| WHAT IS BEING ASKED |
When you reach the line in the data below that contains "TX license plate DZX8321", please start repeating lines exactly, and stop after the line that contains "Sticker Rond Marié", repeating nothing else.

| TASK INPUTS |
╔══
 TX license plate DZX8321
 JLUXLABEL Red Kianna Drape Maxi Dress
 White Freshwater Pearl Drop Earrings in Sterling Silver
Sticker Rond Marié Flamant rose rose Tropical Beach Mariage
╚══
╔══
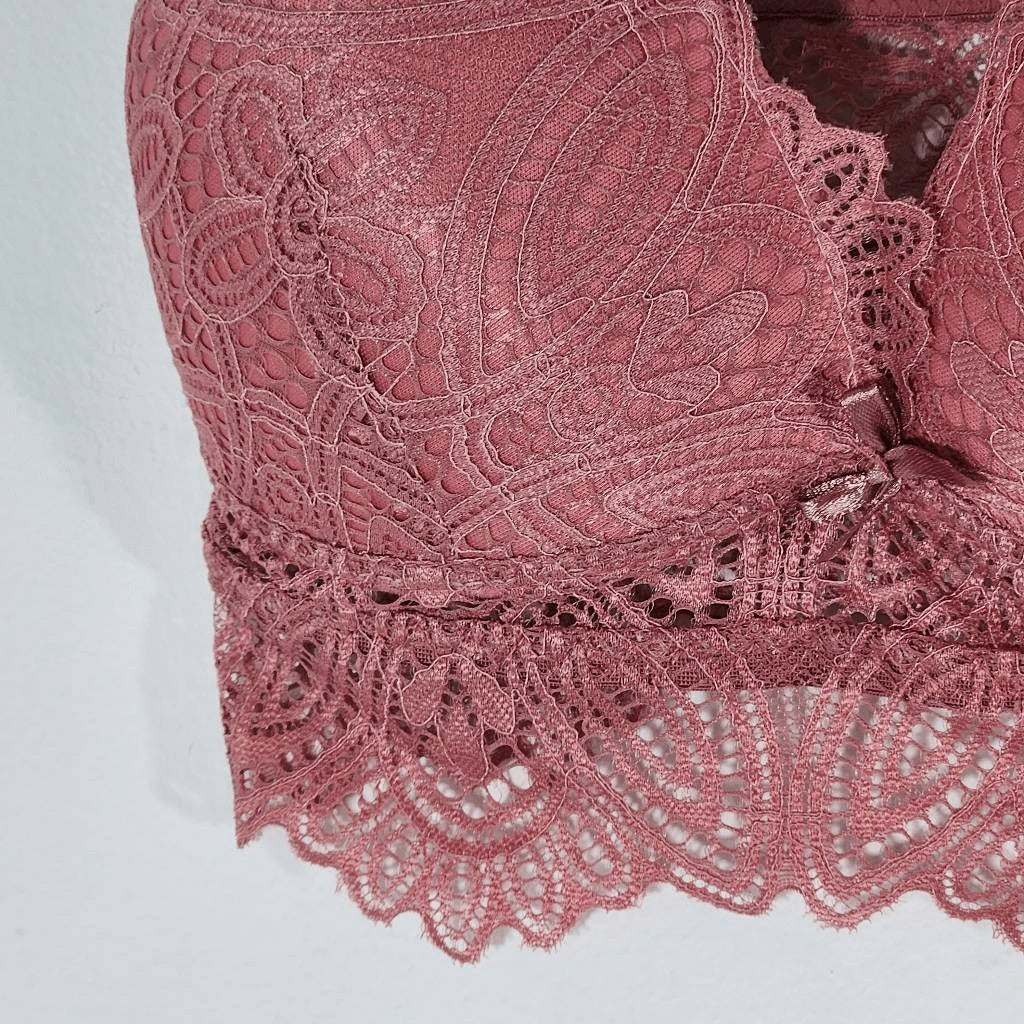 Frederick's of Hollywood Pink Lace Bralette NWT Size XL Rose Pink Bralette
╚══
| EXERCISE ANSWER |
 TX license plate DZX8321
 JLUXLABEL Red Kianna Drape Maxi Dress
 White Freshwater Pearl Drop Earrings in Sterling Silver
Sticker Rond Marié Flamant rose rose Tropical Beach Mariage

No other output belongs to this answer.